Tom de CONINCK

PhD Student

Resarch activities at CPHT: Condensed Matter

Research interests:  Condensed Matter Physics, Correlated Quantum Systems, Quantum Computing, Computational Physics

Thesis: "Hybrid quantum/classical methods for the study of strongly correlated quantum systems."
Advisors: Michel Ferrero and Thomas Ayral

Abstract

The study of strongly correlated fermion systems, such as Hubbard model, is a challenging problem in condensed matter physics, particularly due to the emergence of the "sign problem" when computing the ground state. When using Monte Carlo methods, this problem manifests itself through the exponential growth of the variance of statistical estimators.

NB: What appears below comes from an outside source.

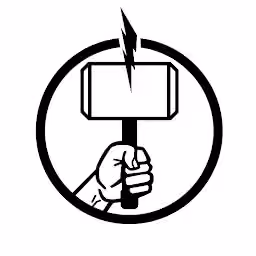 Thurman Electric, Inc logo, Electrical in Northwest Arkansas
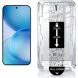 Защитное стекло IMAK H Install Screen Guard для OPPO Reno 16 / 16 Pro (413227). Фото 2 из 12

The so-called "constrained path" approximation, used in conjunction with the AFQMC (Auxiliary Field Quantum Monte Carlo) algorithm, makes it possible to eliminate this phenomenon, at the cost of an approximation whose accuracy increases the closer the chosen reference state is to the ground state of the system. The classical implementation of this method is, however, restricted to quantum states that are easily representable and usable on a classical processor, such as Slater determinants. This thesis investigates how the use of quantum algorithms such as the so-called "shadow tomography" protocol can improve the classical CP-AFQMC method applied to the Hubbard model by diversifying the usable reference states. The objective is thus to study the influence of an improvement of the reference quantum state on the constrained path approximation in the framework of the quantum many-body problem.